Healthcare breaches are expensive. Recent studies by NetDiligence and Ponemon show that breaches cost healthcare organizations $408/record. In addition, crisis services cost three times more than other industries and credit/identity monitoring costs four times more than the average.
Despite company size or budget, a variety of solutions exist to reduce risk factors related to insider threats and program set up. Service providers are also available to help set controls.
Insider Training
- Educate to decrease insider threats. 25% of breaches result from employees clicking on something that they think is legitimate. Employers can help combat this ever-growing problem by educating employees on how to identify red flags. Why invest? Breaches resulting from employee actions represent the highest regulatory and legal expense costs. Good education programs are shown to reduce breach costs by $9/record.

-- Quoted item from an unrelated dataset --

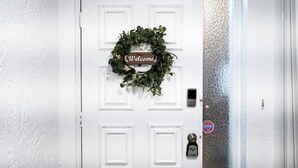 Una puerta blanca con un letrero que dice 'Welcome' y un timbre.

- Create response programs. Knowing what to do and how to investigate a data breach is very cost-effective. Create and train an incident response team through on-site mock breach exercises. This has shown to reduce the cost of a breach by $14/record and shorten post-breach investigation time.
Program Set Up
- Data classification and elimination is very important. Old is bad data and it collects rapidly if not destroyed in a responsible fashion. The ROI on eliminating old data has proven to reduce breach cost by $5/record.
- Implement extensive use of encryption. Best practices are to apply this as much as possible from appropriate e-mails to data storage to employee mobile phones that can easily be lost. Often, if you can prove that the data is encrypted, it is not considered a breach. This can reduce a breach by $13/record
- Monitoring to identify and contain a security event provides critical information. The faster a breach can be identified and contained, the lower the cost. For instance, stats show that if you can contain a breach within 30 days, an organization can save approximately $1 million in post-breach costs.
Available Services
- Specialized managed security services are available to take care of security-related work. Studies show that companies that deploy this type of automation can reduce breach costs by 35%. This does not include the cloud-based services. You need people to manage this function.
- Cyber security insurance is available and you can leverage these carriers to help shape up your program. It is in their best interest that you avoid a breach, so use them as a resource. Also, cyber insurance is an area where you do not want to bargain shop. Discuss various programs with your carrier or broker to understand the value that accompanies each cost level.
- Services exist to monitor third-party providers. There are inexpensive security score cards that you can purchase to evaluate vendor security. Ultimately, you want to conduct a risk assessment that identifies policies around timely reporting, compliance programs and technical safeguards.